= Kolau Nadiradze =

Georgian poet

Kolau Nadiradze (კოლაუ ნადირაძე; 8 March 1895 – 28 October 1990) was a Georgian poet and the last representative of Georgian Symbolist school.

Born in Kutaisi, Georgia (then part of the Russian Empire), Nadiradze studied law at the University of Moscow from 1912 to 1916.

Upon his return to Georgia, he became a founding member of the Georgian Symbolist group Tsisperqantselebi (ცისფერყანწელები) or 'Blue Horns' in 1915, with fellow writers Grigol Robakidze, Titsian Tabidze, Paolo Iashvili and Valerian Gaprindashvili, amongst others. Nadiradze quickly came under the influence of modernism, particularly Émile Verhaeren, and emerged as one of the leading figures within the Blue Horns group.
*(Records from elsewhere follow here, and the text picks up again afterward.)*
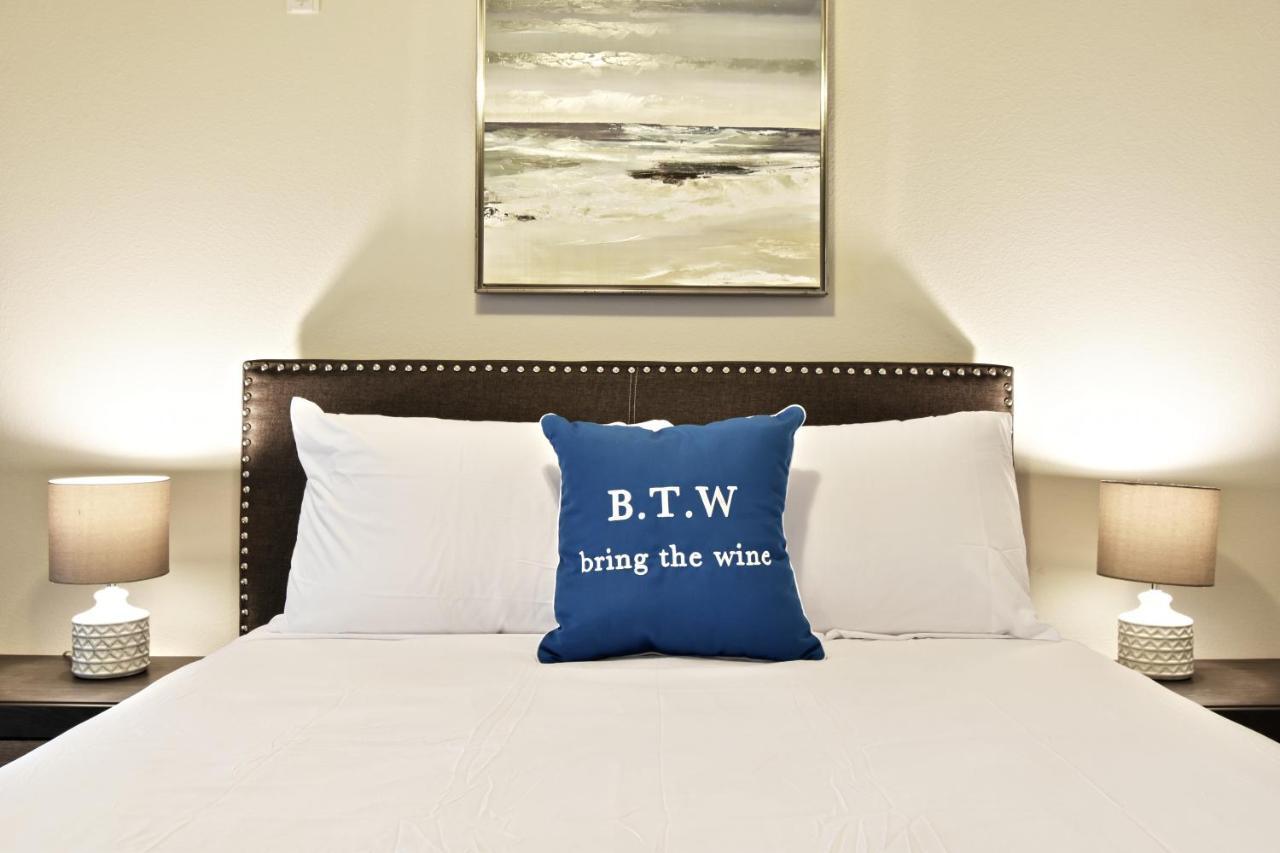 Ga Living Suites - Knox District Uptown ダラス エクステリア 写真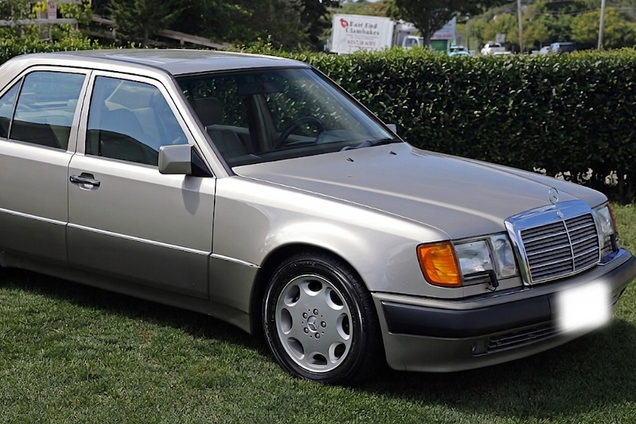 Mercedes-Benz 500E 1992 року випуску. Ілюстрація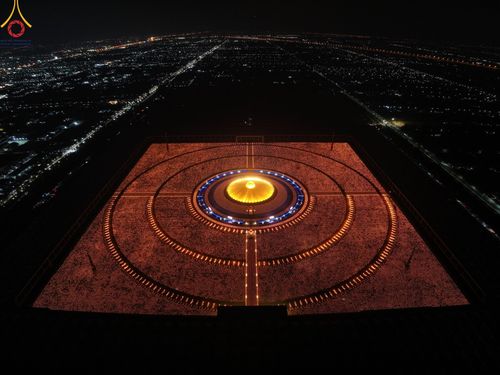 ภาพ No.125105:พิธีเวียนประทักษิณและจุดมาฆประทีป (ชุดที่ 2) ในวันมาฆบูชา เสาร์ที่ 24 กุมภาพันธ์ พ.ศ. 2567 ณ พระมหาธรรมกายเจดีย์ วัดพระธรรมกาย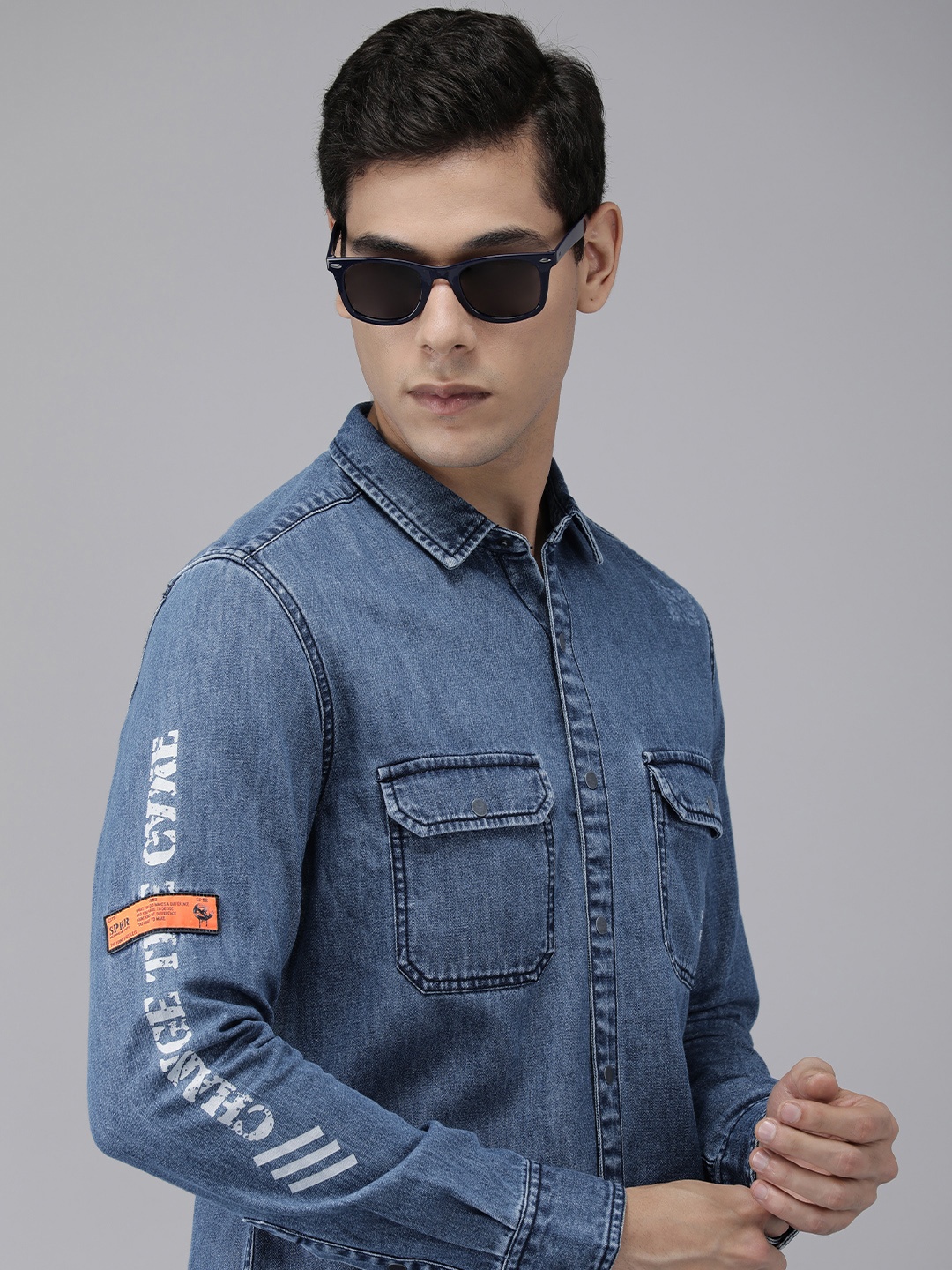 

SPYKAR Men Blue Solid Slim Fit Pure Cotton Casual Shirt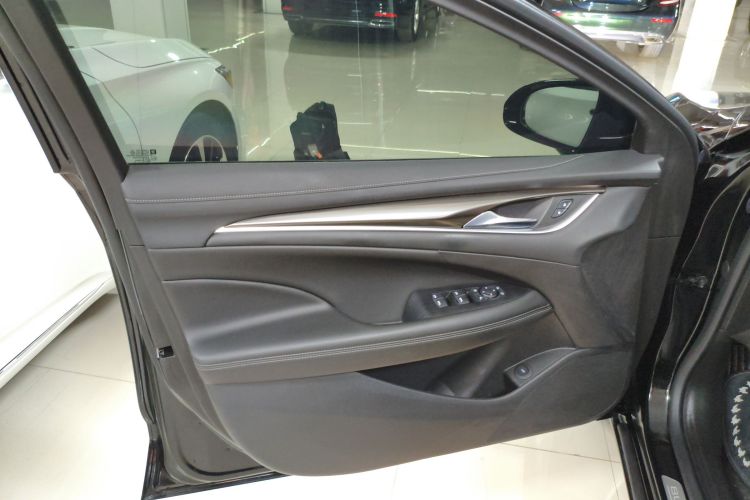 别克 君越 2018款 20T 精英型中控内饰47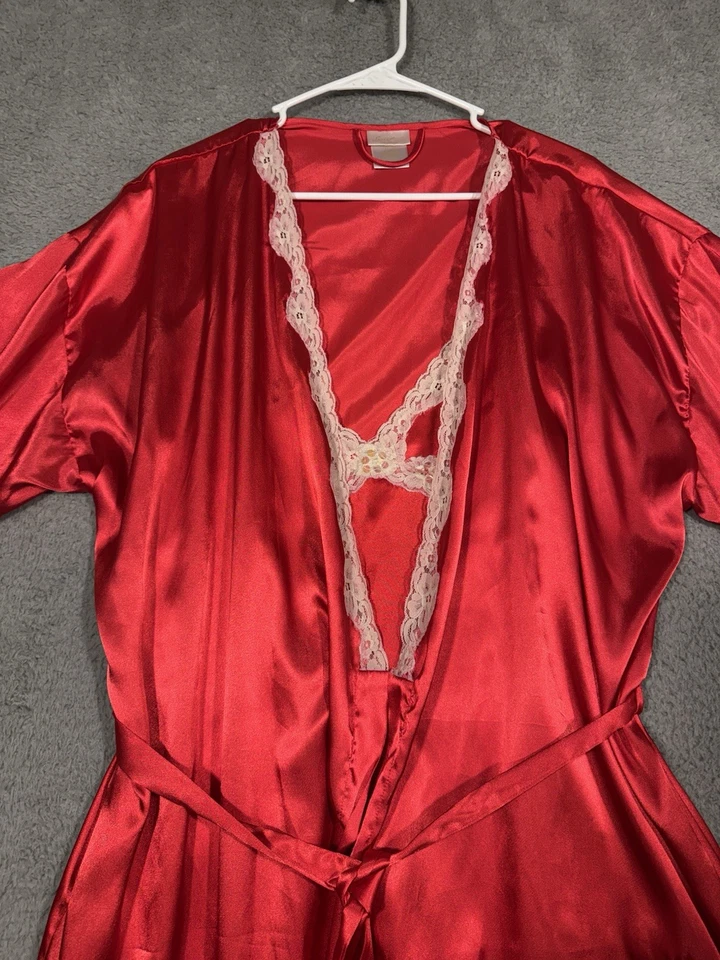 Vestido y bata de satén vintage Secret Treasures rojo encaje recortado quimise grande L Foto 2 de 4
His early Symbolist poetry was marked by a mystic aesthete with a notably critical and hopeless vision of pre-independence Georgia. His first poem published by the Blue Horn Journal, Dreaming of Georgia (ოცნება საქართველოზე), 1916, for instance, described a withered Georgian landscape of decrepit homes and crumbling ruins. Prior to Georgia's brief independence (1918–1921) Nadiraze described the country as an 'idiot homeland, with a thankless task/ Aged, oppressed and tortured'

In 1921, the Red Army invaded Georgia and established a Soviet state. Since Nadiradze's earlier writings were not overtly political, he was able to adapt to the Communist ideological requirements more easily than others of the Blue Horn group, and continued to produce poetry. Under the Soviet Union, Nadiradze chiefly wrote patriotic poetry and prose, with a focus on realism and social issues. He also made numerous translations of literary works, including Pushkin, Bunin, Balmont, Blok, Verlaine and Isahakyan.
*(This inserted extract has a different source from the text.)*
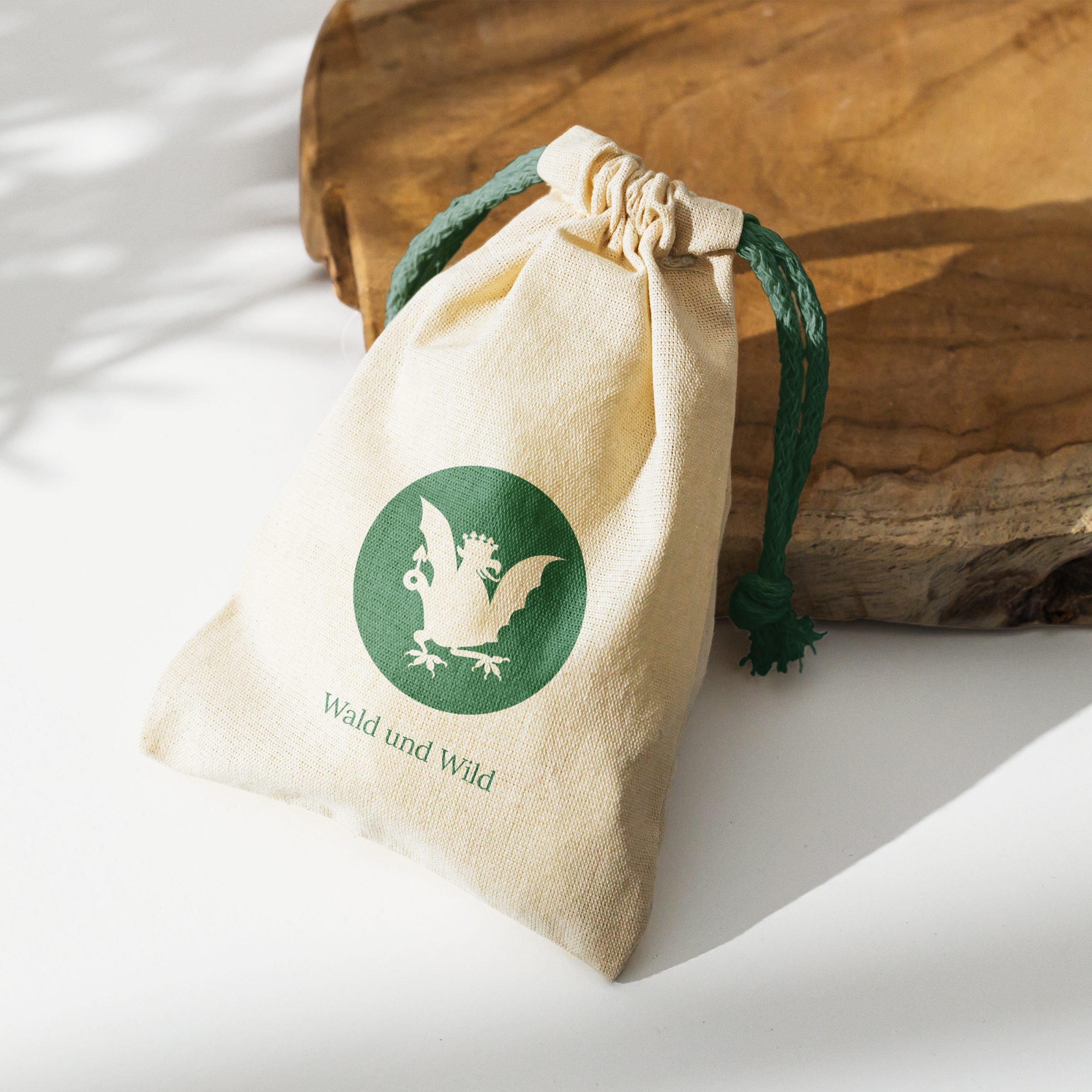 Beispiel-Anwendung des Logos auf einem Jute-Säckchen mit grüner Kordel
Despite Nadiradze's adherence to the regime, he was arrested along with the fellow symbolist writer Sergo Kldiashvili in the purge of 1937, although both poets escaped imprisonment when their NKVD interrogator was himself arrested and their files mislaid. The incident caused Nadiradze to distance himself further from old writers of the Blue Horn group, and he would be the last surviving member. In the summer of 1937, Nadiradze had been the only writer to attend the funeral of Paolo Iashvili, in defiance of Iashvili having been ostracized after his demonstrative suicide at the writer's House of Georgia.

In the perestroika years, already in his nineties, his poem 25 February 1921, which describes Red Army invasion of Georgia as tragedy to Georgia, was accidentally ended in 1985 book Poet's thousand strings. This book contained poems of 13 poets who started their activity in 1910-20s, including Nadiradze. At start of each poet's approximately thousand strings, there was cliche of poet's manuscript, with poem and poet's signature. All of manuscripts, including Nadiradze's, were taken from Literature Museum of Georgia, although Nadiradze was alive. Manuscript of Nadiradze contained this upper-mentioned anti-Soviet poem, which is regarded as well-known poem in present Georgia.
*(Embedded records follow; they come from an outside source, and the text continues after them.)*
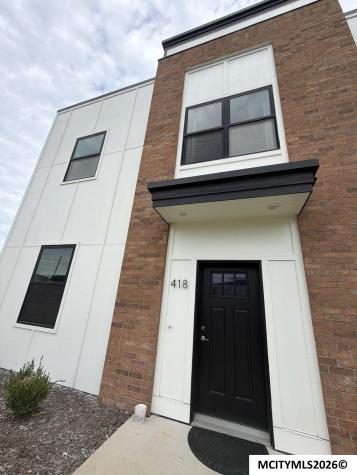 418 4th Street SW Mason City IA 50401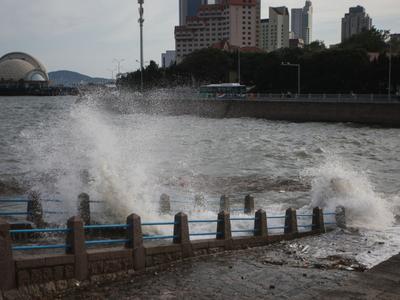 阵风10级！实拍巨浪：有游客涉险戏水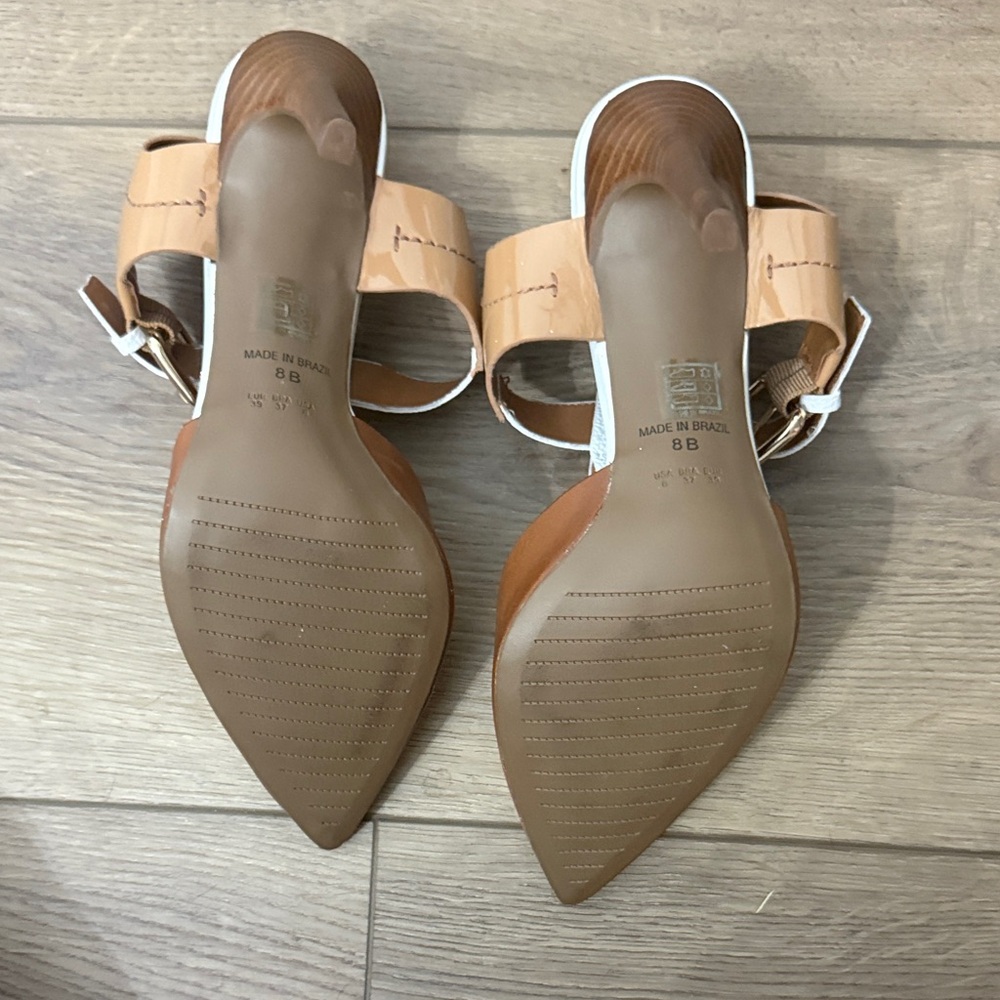 Chic Tan and White Women's Heels - Picture 7 of 9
Because of this "mistake", management of publishing house of Poet's thousand strings was fired, along with an employee of MTAVLIT, a soviet censure organ, who approved this version of the book. Pages in remaining copies containing 25 February were cut and replaced with "corrected" version. Nadiradze had threat of firing from Writers Union of Georgia. He lied that this poem didn't represent his actual opinions. Because of this "apologize" and his age, Nadiradze remained in organization. In reality, he had nostalgy of independent Georgia, as noted in memories of Nadiradze's friend, Nino Ckhikvishvili, and this poem really represented his opinion, unlike his Soviet-adhering poems.